## DATA EXTRACT:
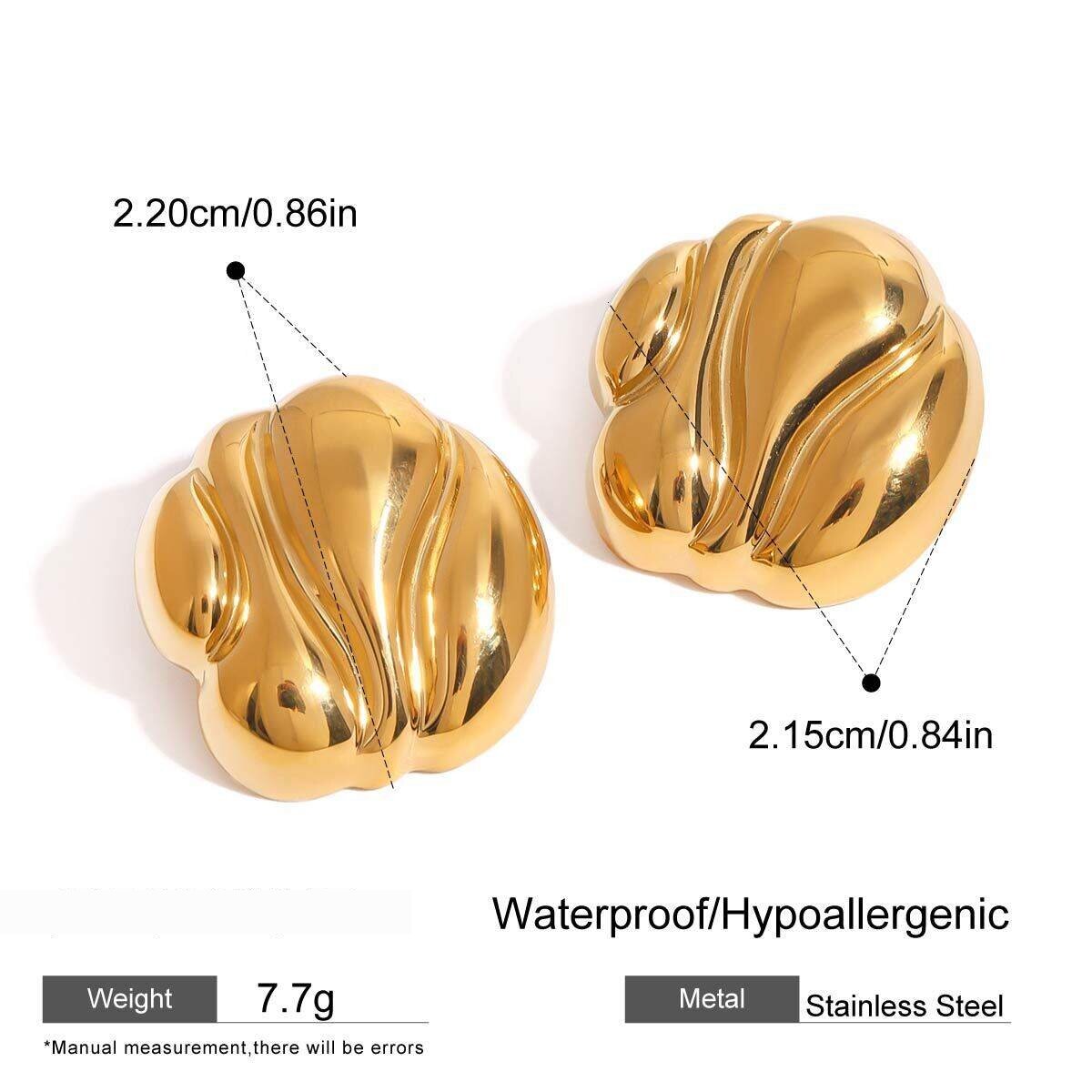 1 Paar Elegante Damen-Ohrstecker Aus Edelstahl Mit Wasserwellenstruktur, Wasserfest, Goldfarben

==

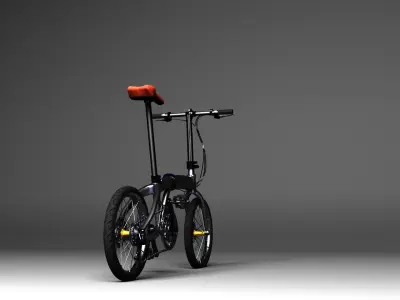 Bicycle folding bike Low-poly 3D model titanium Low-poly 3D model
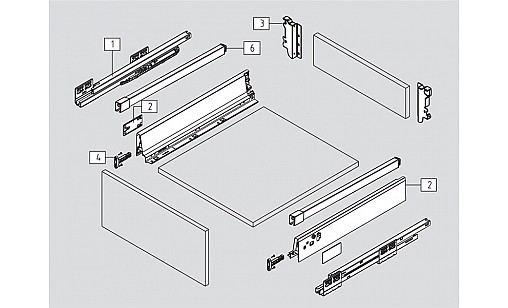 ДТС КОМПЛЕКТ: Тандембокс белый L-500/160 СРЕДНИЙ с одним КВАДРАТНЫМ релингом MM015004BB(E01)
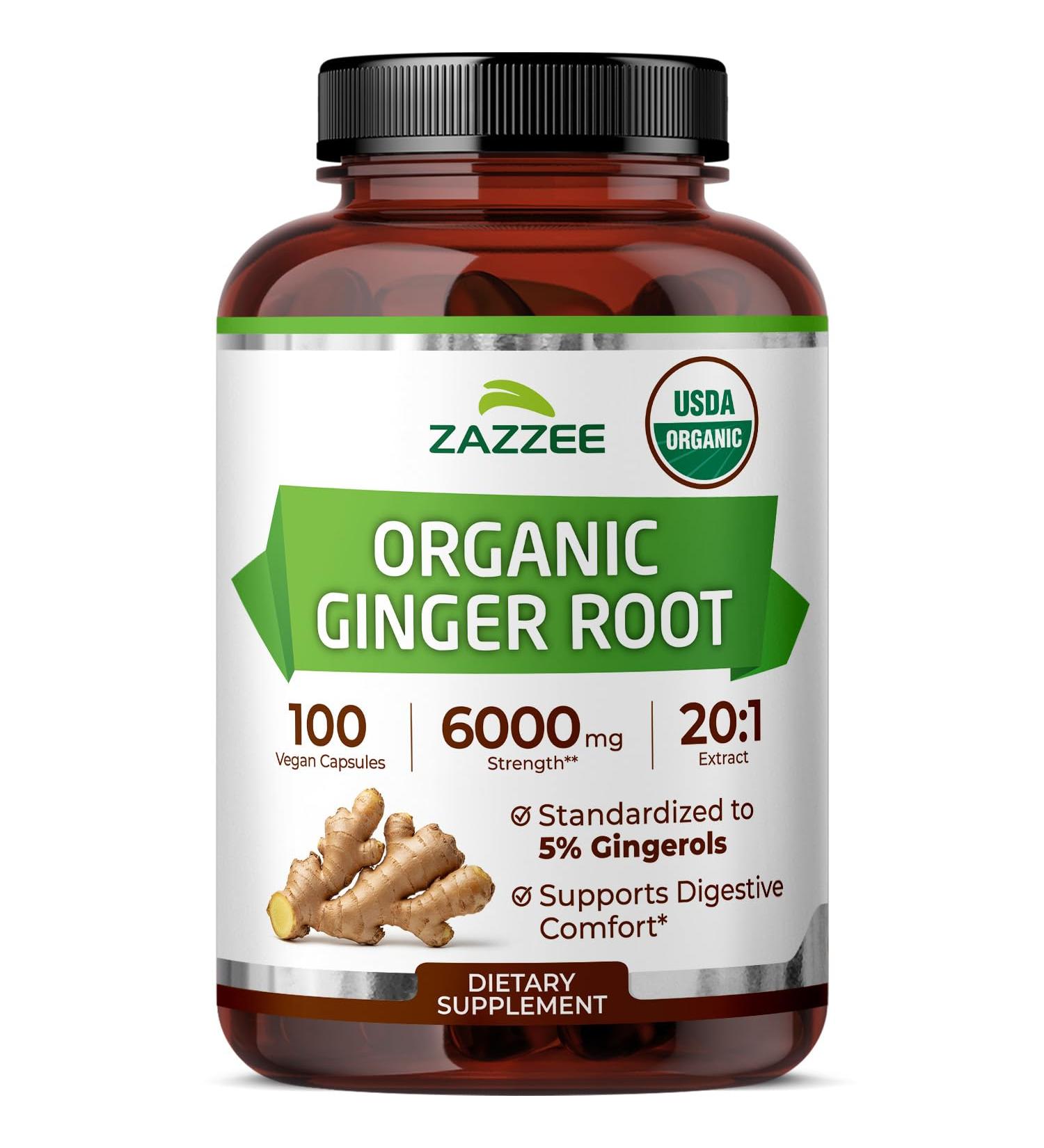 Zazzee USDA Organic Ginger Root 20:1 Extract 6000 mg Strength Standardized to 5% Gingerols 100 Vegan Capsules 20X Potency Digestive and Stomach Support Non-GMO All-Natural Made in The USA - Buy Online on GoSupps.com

## TASK REQUIREMENTS:
Could you write out exactly the lines of the data above that run from the one holding "ДТС КОМПЛЕКТ: Тандембокс" to the one holding "Zazzee USDA Organic", with both ends in and all pictures out?

## OUTPUT OF THE EXERCISE:
 ДТС КОМПЛЕКТ: Тандембокс белый L-500/160 СРЕДНИЙ с одним КВАДРАТНЫМ релингом MM015004BB(E01)
 Zazzee USDA Organic Ginger Root 20:1 Extract 6000 mg Strength Standardized to 5% Gingerols 100 Vegan Capsules 20X Potency Digestive and Stomach Support Non-GMO All-Natural Made in The USA - Buy Online on GoSupps.com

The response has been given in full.